For nearly half a century, Rudd's version of his wife Noreen's demise _ that his teenage bride died when their car was run off the road and crashed in a field in Barrington Hills in 1973 _ stuck.

It stuck even though the couple had been married less than a month and Rudd, then a lawyer and school board member, had been living with another woman until just before the wedding. It stuck even though Rudd had money woes and stood to inherit a large sum from her life insurance.

And it stuck even though, in the ensuing years, Rudd would also be suspected in the slaying of Arlington Heights resident Loretta Tabak-Bodtke. He has not been charged in that death but is under investigation, police have said.

That probe was what prompted authorities eventually to take a fresh look at Noreen Rudd's death, leading to Donnie Rudd's arrest in Texas. He had relocated there from the Chicago area after he was disbarred amid investigations by the Illinois attorney disciplinary agency of misconduct complaints. Among the unhappy clients who had at least threatened to alert the agency about Rudd was Tabak-Bodtke.

Rudd was finally charged in 2015 with murder in his second wife's death. After nearly a year in jail he posted $400,000 in cash and was free on bail. He was taken back into custody after a jury convicted him earlier this summer.

Rudd has chosen to be sentenced under 1973 guidelines, meaning his minimum sentence will be 14 years. There is no maximum, but he will be eligible for credits that could reduce his sentence by half. His lawyer said Rudd, now 76, has cancer. He used a wheelchair during his trial.

Before the sentencing hearing got underway Thursday morning, Rudd's attorney, Tim Grace, argued for a new trial on the basis that statements Rudd made during a police interrogation in Texas should not have been admissible.

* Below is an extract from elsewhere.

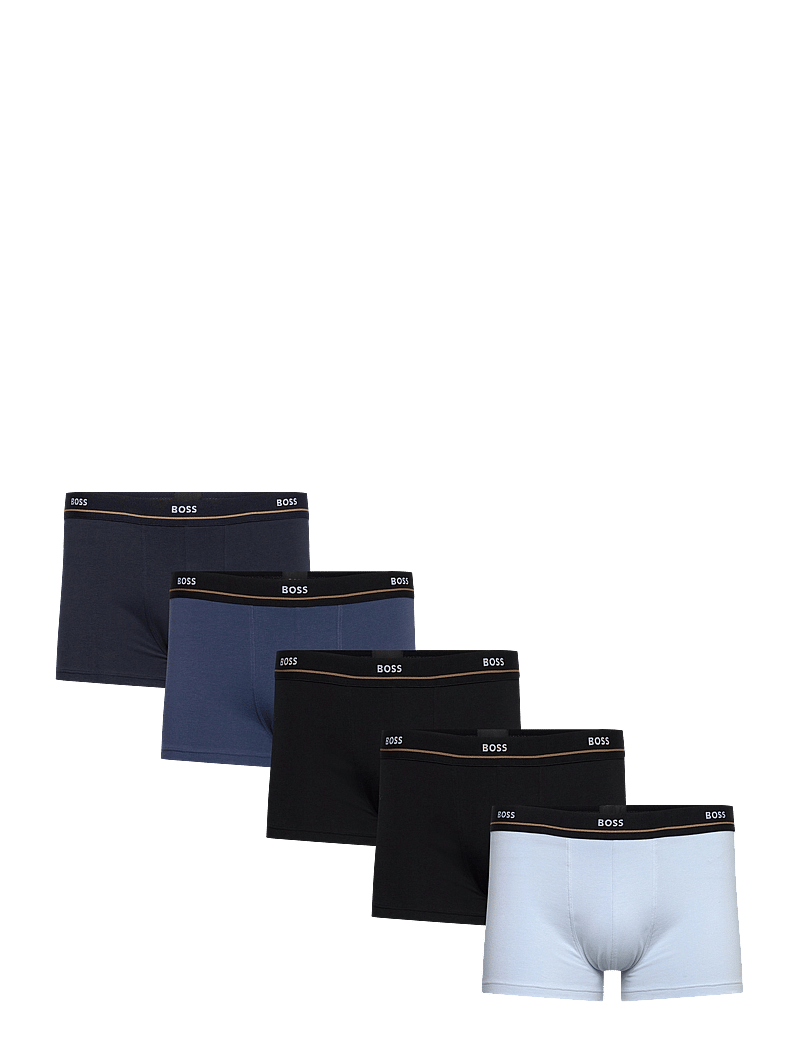 BOSS - Trunk 5P Essential - multipack underpants - open miscellaneous - 0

Judge Marc Martin denied the request, along with Grace's objection to testimony by Arlington Heights police detectives about the killing of Tabak-Bodtke in 1991.

So Thursday afternoon, four detectives, two retired, took the stand to talk about the investigation. They said Rudd, who was Tabak-Bodtke's lawyer, had repeatedly promised her a $450,000 settlement in a business dispute but had not come up with the money. The day before she died, Rudd had given Tabak-Bodtke a check for $9,300, her husband told investigators. They said Thursday that a search of Rudd's home after the slaying turned up what appeared to be ripped-up pieces of the same check.

A number of firearms were also found in Rudd's home, but none was consistent with the one police think was used to kill Tabak-Bodtke.

Besides Noreen's sisters, among those present for Thursday's proceedings were Tabak-Bodtke's daughter and two former stepdaughters of Rudd, Lori Hart and Cindy Mulligan. The sisters wrote a book about him after his arrest called "Living With the Devil."

Back in 1973, Rudd was romantically involved with Lori's and Cindy's mother, Dianne Hart, and was living with the three of them and two other Hart siblings. But according to testimony, he arrived home one day and announced he was marrying Noreen, who worked with him at Quaker Oats in Barrington.

Weeks later, police found Rudd's Ford Pinto wagon in a field in Barrington Hills, with Rudd cradling his bride in the car. According to testimony, he told police that the couple had visited her mother in Carpentersville and were on their way back to their Hoffman Estates home when someone ran them off the road. Rudd said his wife was ejected from the Pinto and hit her head on a rock and that he carried her back to the car.

Less than a year later, Rudd married Dianne Hart, the third of his five wives.

Decades after Noreen Rudd's death, investigators were granted a court order to exhume her remains. Experts testified at Rudd's trial that her wounds were caused by blows to the head, not a car crash injury, though the defense had its own witness who sought to refute that finding.